Here are two typical diaconal exhortations:
Let us pray for the Holy, Catholic, and Apostolic Church, which is spread from one end of the earth to the other; that the Lord will preserve and keep Her unshaken and free from the waves of this life, until the end of the world, as founded upon a rock….
Let us pray for every Episcopacy under Heaven, of those that teach aright the word of Thy truth.
+ + +
However—so as to complete the picture—, the second part of this petition, “for the union of all,” is best interpreted by means of the Divine Liturgy of St. Basil the Great.
The union of all is always understood in the context and on the presuppositions of Orthodox ecclesiology; for this reason, this Holy Father beseeches in the marvellous Prayer of the Anaphora, after the sanctification of the Precious Gifts: “…bring back those who have gone astray, and unite them to Thy Holy, Catholic, and Apostolic Church”; “make the schisms of the Churches to cease”; “speedily destroy the uprisings of heresies by the power of Thy Holy Spirit.”
That is, only through the cessation of schisms, the destruction of heresies, and the return and reunion of the erring to Orthodoxy is the union of all achieved, by the Grace of God.
2. “That They All May Be One”
Let us come now to our Lord's prayer, “that they all may be one.”
Shortly before His saving Passion, at the conclusion of the Mystical Supper, our Savior Christ prayed to His Heavenly Father for some time concerning His Church.
His Church was already present (the eleven Holy Disciples), and She would increase in the future with new believers.
The Lord prays especially for the unity of His Church, and He reveals the mystery of Her unity.The unity of the Church not only has the unity of the Son with the Father as its model, but is a result of Her unity with the Holy Trinity.
The nature of Her unity is Triadocentric: the Church is united with the Father through the Holy Spirit in Christ the Savior.
Our Lord preserves and safeguards His Body in unity with the Father; there is, however, the danger that someone may fall away from this unity, as Judas did.
Jesus Christ, therefore, through His prayer does not enjoin that the faithful members of His Body be one with those who have fallen away from Her, nor does He regard the Faithful and those who have fallen away as one. But He beseeches the Father to preserve His Church in the God-given unity which She already experiences in His truth, love, and glory.
In such a way, the world, seeing this wonderful unity of the Church, will come to know and believe in the Divine and redemptive mission of Jesus Christ.
+ + +
Although ecumenists appeal to this passage, it can be completely turned against them, because in essence it exposes the nature of their ecclesiological heresy.
They always use this text with the presupposition that the heterodox communities are in a schismatic situation vis-a-vis the Orthodox, but are certainly within the boundaries of the One Church; that is, there exists an “invisible” or “mystical” ecclesiastical unity, which must become “visible.”
a.

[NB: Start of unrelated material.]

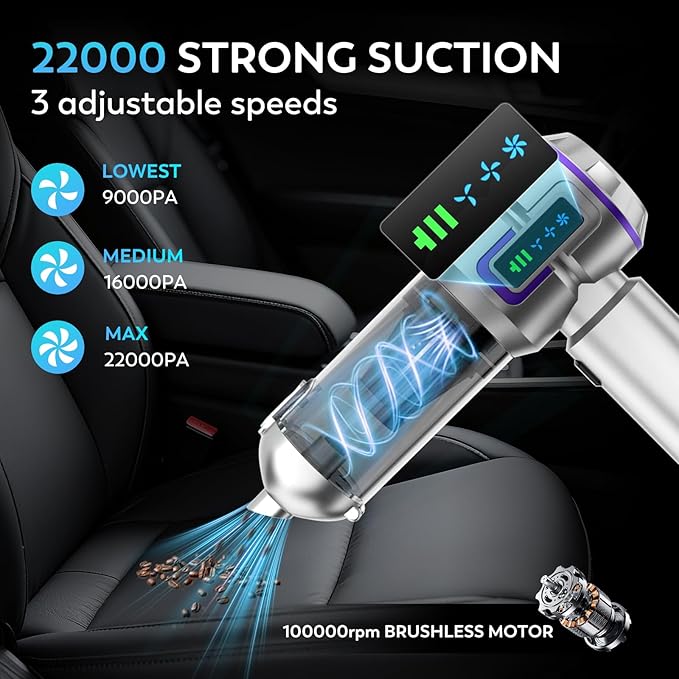 Car Vacuum Cleaner, 22000PA High Power Portable Handheld Car Vacuum & Air Duster - Image 2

We have a clear expression of this heresy, when Orthodox ecumenists proclaim, as did the former Archbishop Iakovos of America, that the unity of the Church has clearly been split, and that in the context of the WCC the ecumenists “should bring the ageold division of the Church to a propitious end.”b. Indeed, in this regard, it was recently stated at an official level, in a Memorandum of the Patriarchate of Constantinople to the WCC, that
…the Council, and the ecumenical movement more generally, contribute and render service to the ecclesiological conception of unity, to the extent that they have as their primary objective and raison dtre precisely the restoration of unity in the Church.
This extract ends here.